(Short descriptive text snippets)
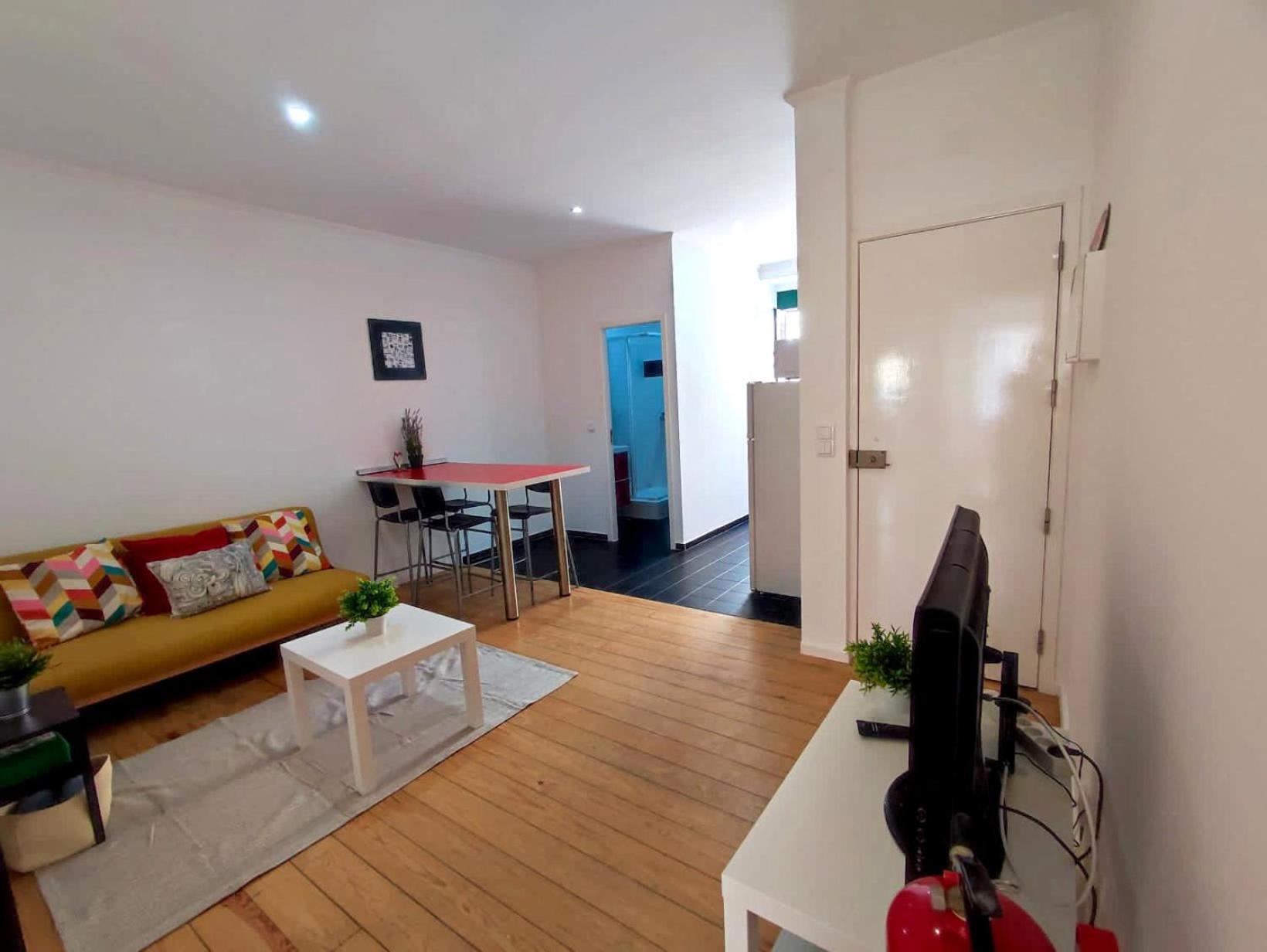 Red Passion Apartment Lisbon Bagian luar foto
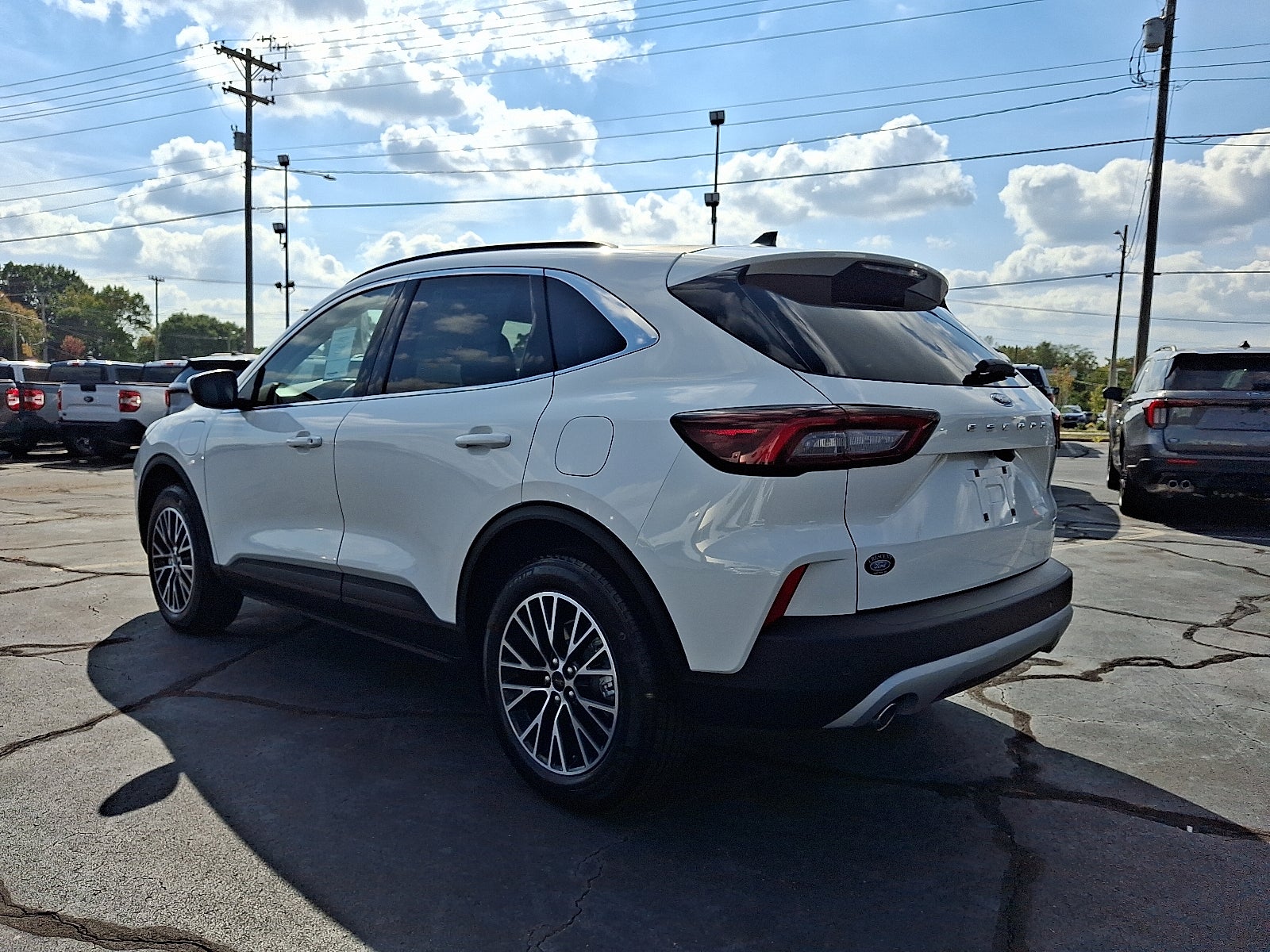 2025 Ford Escape Plug-In Hybrid Base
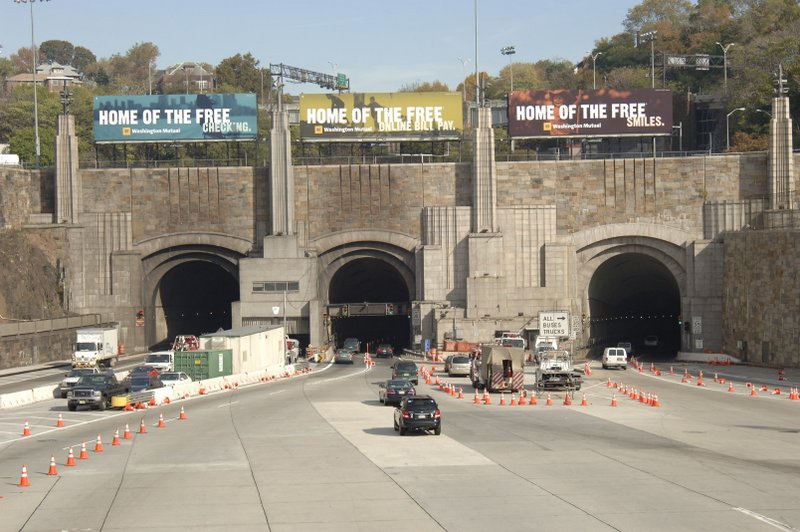 Lincoln Tunnel entrance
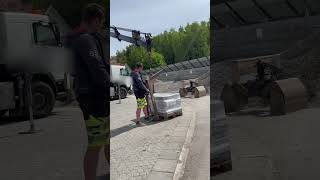 Volvo FM 450 *6x2 *hook PALIFT + crane HMF 2420-K5 *VIDEO hook lift truck for sale - Image 4 | Autoline TZ Volvo FM 450 *6x2 *hook PALIFT + crane HMF 2420-K5 *VIDEO hook lift truck | Image 4 - Autoline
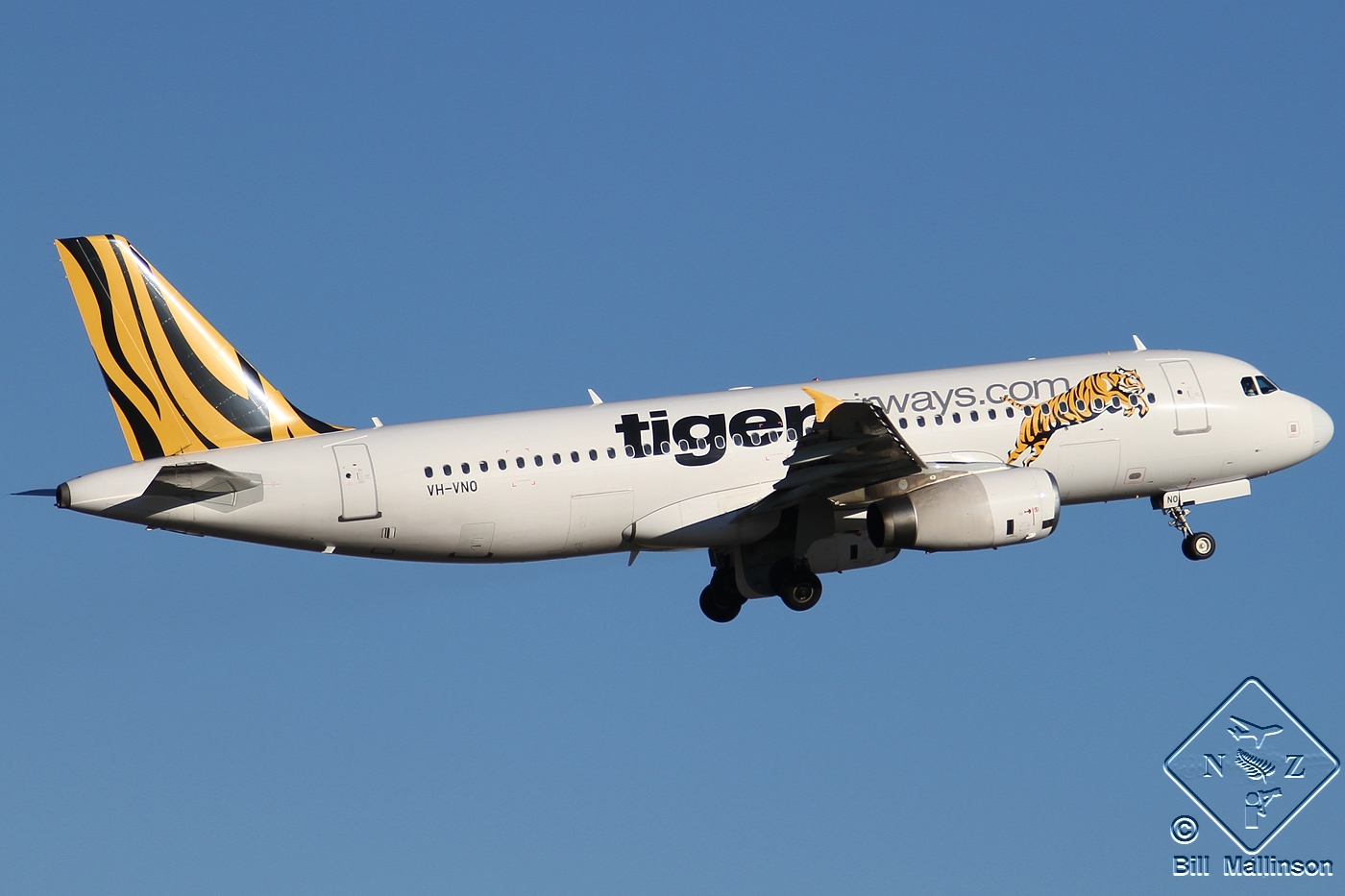 VH-VNO · Airbus A320-232 · (SYD / YSSY)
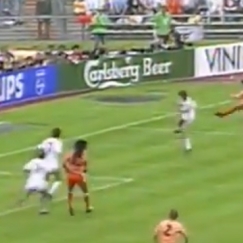 Σαν σήμερα: Το μαγικό γκολ του Φαν Μπάστεν στον τελικό του Euro (vid)
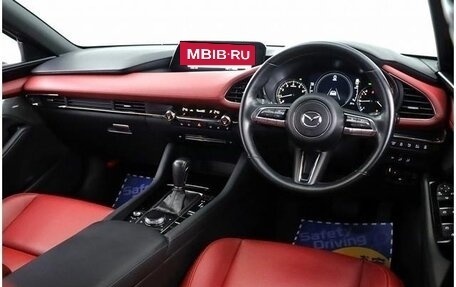 Mazda 3, 2022 год, 1 960 000 рублей, 17 фотография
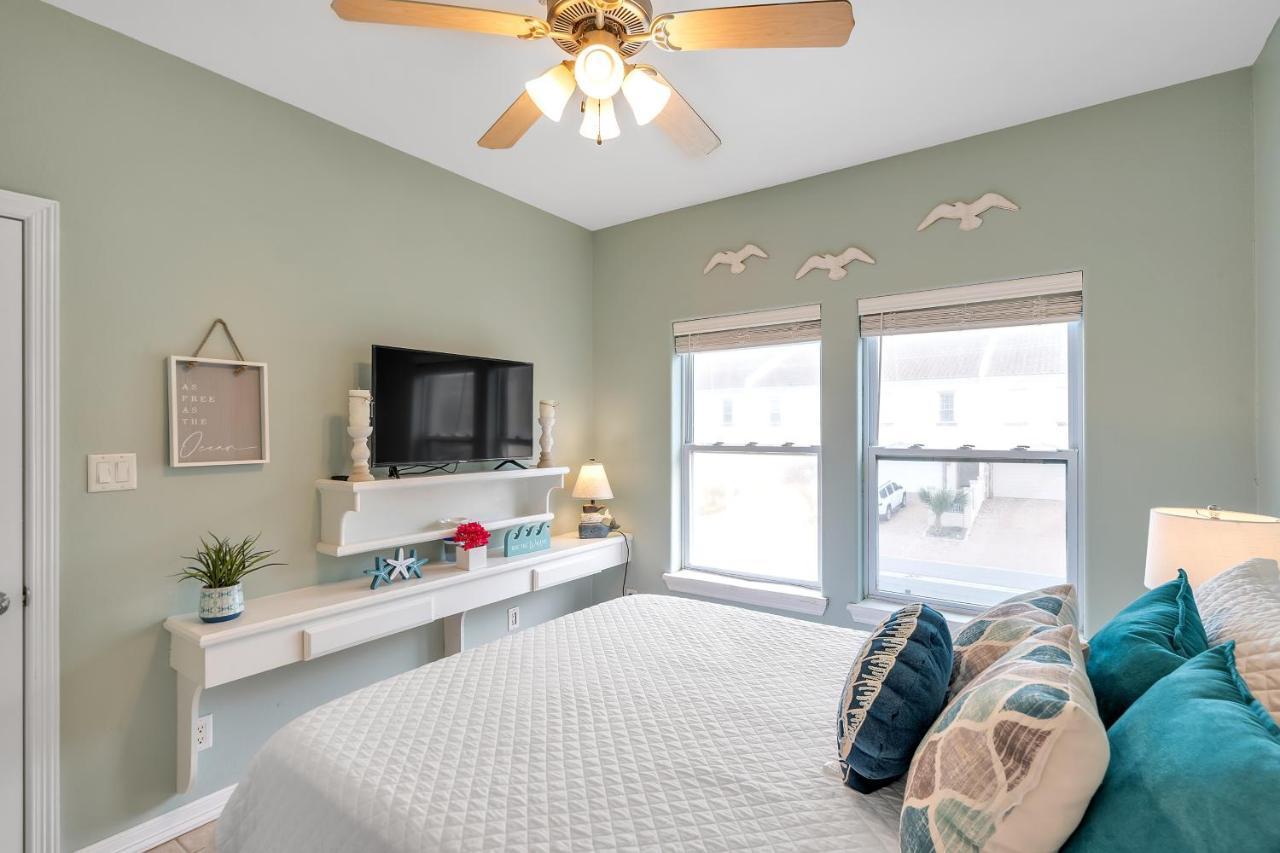 Apartment 129 E Cora Lee Dr, #203 South Padre Island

— TASK BRIEF —
With the pictures left out, copy exactly the lines above from the line containing "Σαν σήμερα: Το" through the last line of the entries.

— TASK ANSWER —
 Σαν σήμερα: Το μαγικό γκολ του Φαν Μπάστεν στον τελικό του Euro (vid)
 Mazda 3, 2022 год, 1 960 000 рублей, 17 фотография
 Apartment 129 E Cora Lee Dr, #203 South Padre Island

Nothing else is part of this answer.